Ob die groß angelegten Testreihen eine Riesenwelle an neuen Infektionen hervorbringen, vermag der OB nicht vorherzusagen. Das wäre dann der Super-Gau. Hunsteger hofft also zunächst einmal auf Entwarnung am Montag oder Dienstag und bittet andererseits um Verständnis: Es müsse einfach vermieden werden, dass Angehörige das Virus mit nach Hause nehmen und weiter verbreiten.

In allen anderen 24 Hammer Seniorenheimen dürfen Bewohner künftig von zwei festen Kontaktpersonen am Tag besucht werden, wenn auch unter scharfen Hygiene- und Abstandsregeln.

Gastronomie

Bekanntlich dürfen Restaurants ab Montag unter strengen Hygiene- und Abstandsauflagen wieder öffnen. Dafür müssen die Gastronomen ein passenden Konzept zur Genehmigung verlegen, das sie mindestens zur Halbierung ihres Angebots zwingen wird. Auch hier fehle aber noch der entsprechende Erlass, beklagt der OB. Dieser müsse dann auch manch schwierige Definition klarstellen, welche Gastro-Angebote - zum Beispiel auch Eisdielen - öffnen dürfen und welche gegebenenfalls doch noch nicht. Auch dieser Erlass werde am Wochenende erwartet.

Neue Klarheit gibt es indes beim Außer-Haus-Verkauf: Der Verzehrradius wird von 50 auf 25 Meter reduziert.

Bäder

Dass die beiden Hammer Freibäder tatsächlich schon am 20. Mai öffnen können, will der OB zum jetzigen Stand nicht versprechen - obwohl sie technisch bereits fit seien. Man sei hier in Konzept-Gesprächen mit den Stadtwerken. Insbesondere die Frage der Abstandsvorgaben hält Hunsteger für kompliziert. Sorgfalt gehe hier vor Schnelligkeit.

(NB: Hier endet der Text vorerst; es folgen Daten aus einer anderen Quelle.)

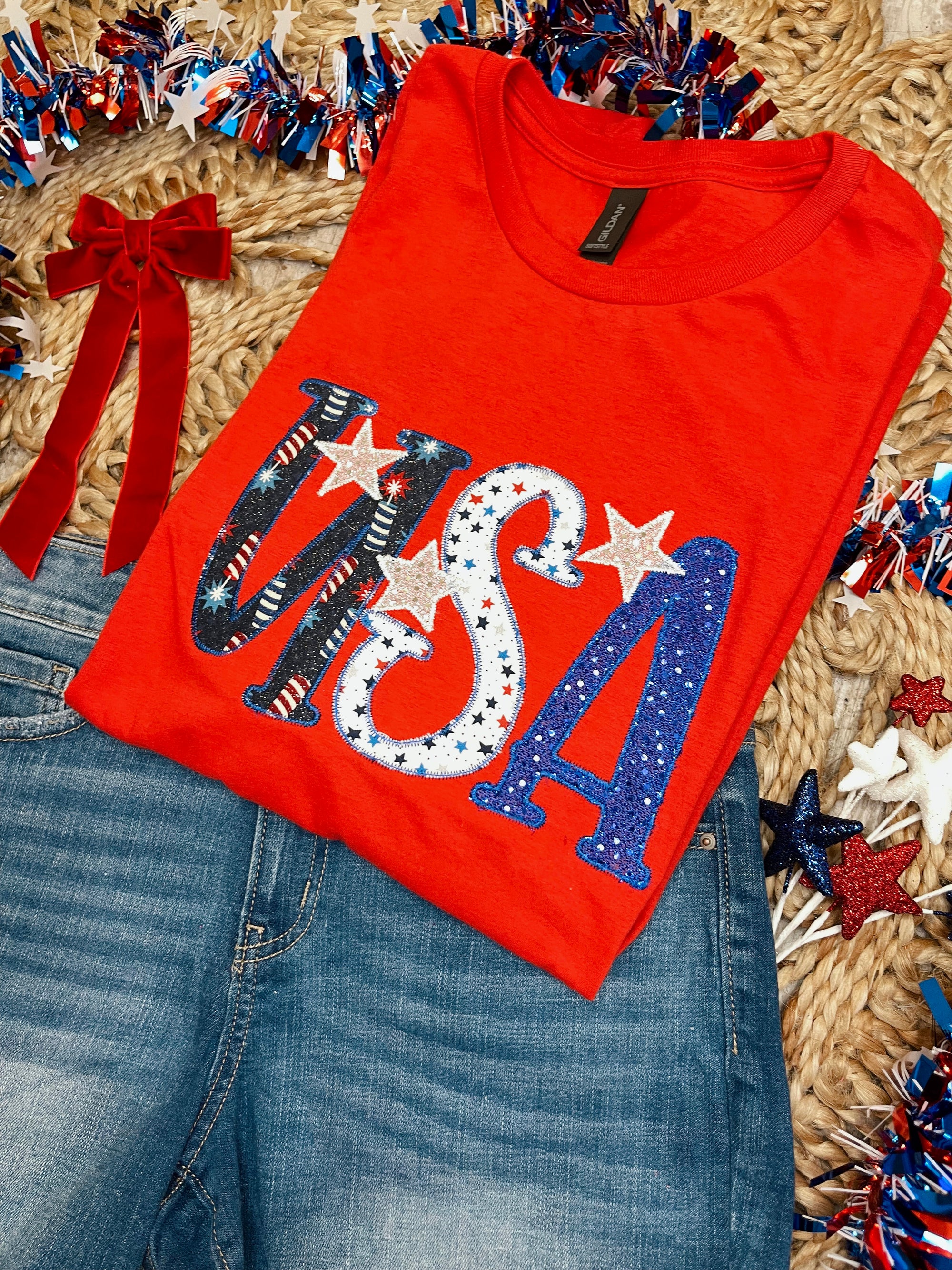 USA Appliqué Tee, Red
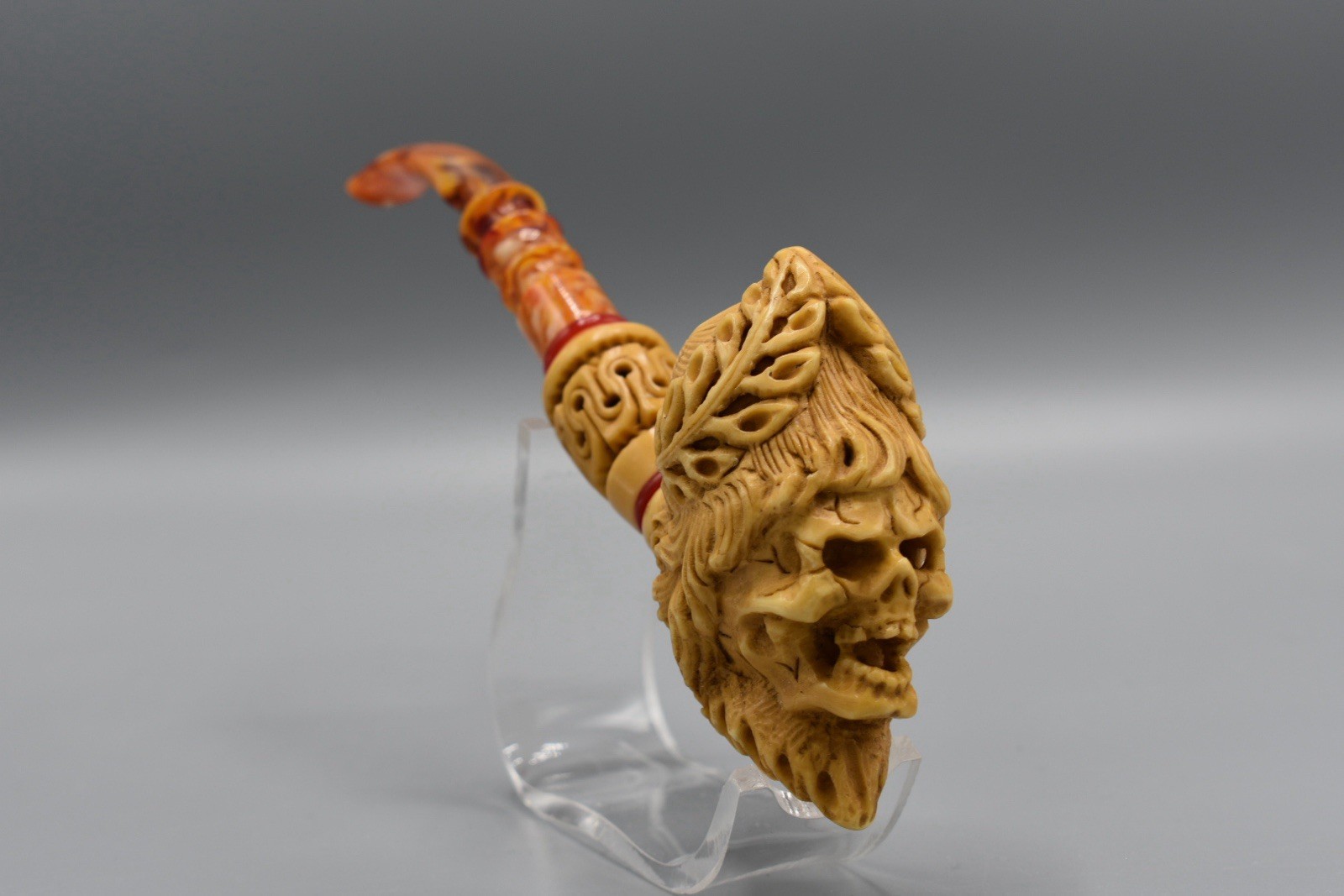 Zeus Skull Pipe Block Meerschaum-NEW HANDMADE W CASE#628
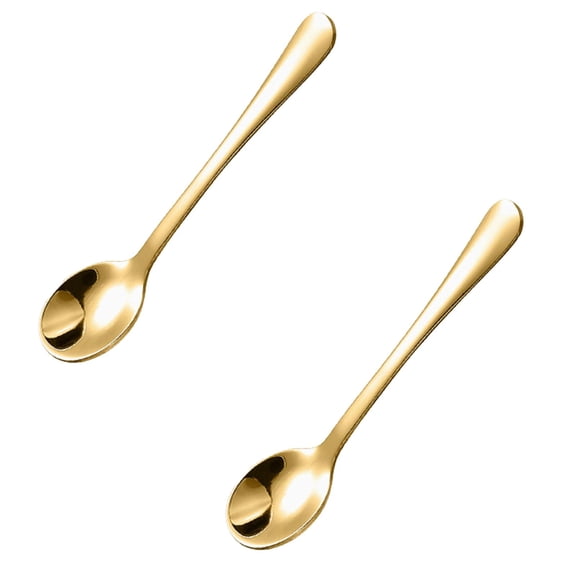 Mini Spoons, Small Condiment Spoons for Sugar, Spices, Jars, Kitchen Tiny Utensils Gold (2Pcs)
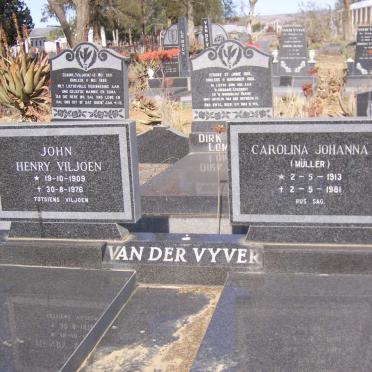 VYVER John Henry Viljoen, van der 1909 - 1976 &amp; Carolina Johanna MULLER 1913 - 1981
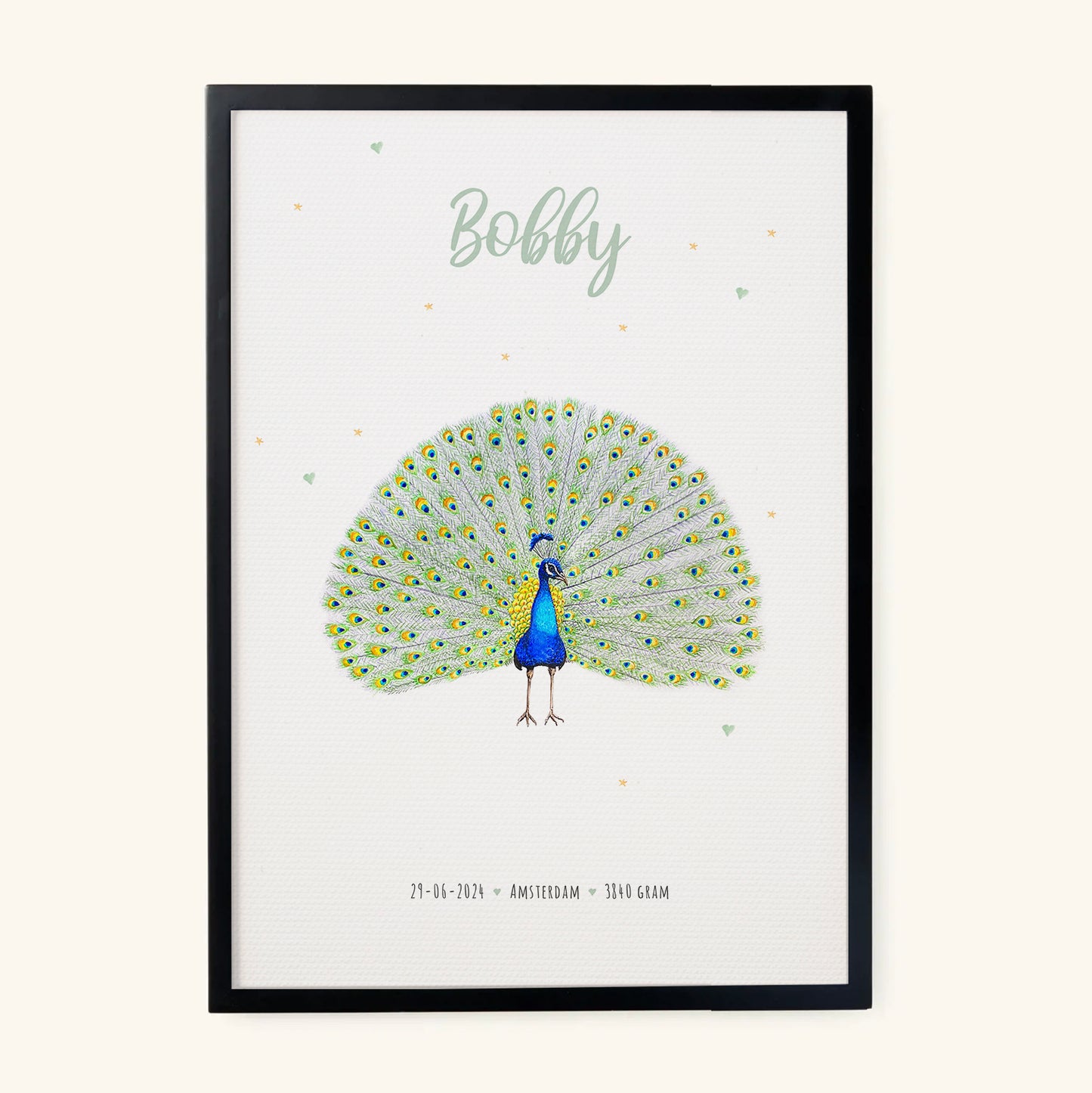 Birth poster peacock - personalized - A3
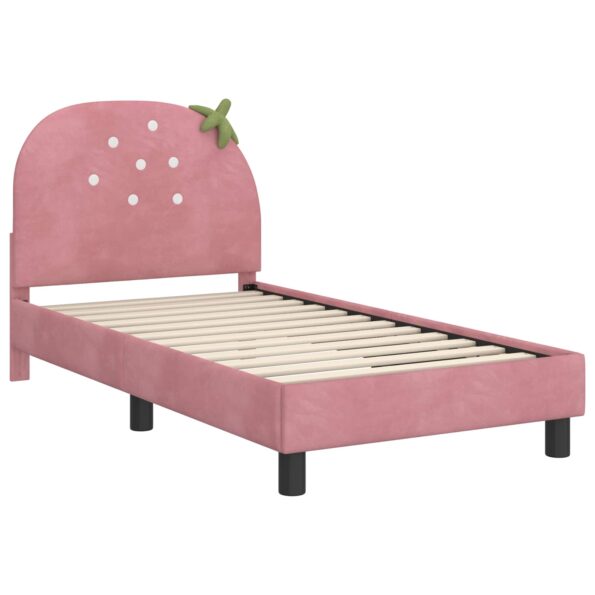 vidaXL Detský rám na posteľ s čelom Ružová 80 x 160 cm Zamat – Obrázok 4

Mehr Klarheit als am Vortag gibt es dem OB zufolge bei "Spaßbädern", die nun doch schon zum 30. Mai wieder öffnen dürften. Hunsteger geht davon aus, dass das auch für das Maximare gilt.

Weitere Bereiche

Kaum neue Informationen gab es am Donnerstag zu diesen Bereichen, die am Mittwoch benannt wurden und nun ebenfalls sehnsuchtsvoll beobachtet werden: Veranstaltungen im kleinen Kreis unter freiem Himmel (Veranstalter müssen starke Konzepte vorlegen), Kino und Theater (wahrscheinlich darf nur jeder dritte Platz belegt werden - wenn überhaupt), Handel/Geschäfte (Nagelstudios und Tattooläden bleiben noch geschlossen), Schulen (rollierendes System lässt sich gut an), Kitas (Ausweitung in mehreren Etappen steht bevor, Konzept fehlt aber noch), Tanzschulen/Fitnessstudios (viele Fragezeichen, Hoffen auf Klärung bis Montag), Sportvereine/-angebote (Erlasse für Konkretisierungen fehlen auch hier, Vereine sollen sich gegebenenfalls in der kommenden Woche beim Stadtsportbund oder dem Sportamt melden), Verwaltung (alles bleibt zunächst wie gehabt).

Die Klammerzusätze in diesem Block stammen sinngemäß von Hunsteger-Petermann. Er bittet für alle Bereich wiederholt um Geduld, Konkretisierungs-Erlasse seien zeitnah zu erwarten. Sobald sie verfügbar sind, werden wir auch hier auf WA.de und der Zeitung darüber berichten.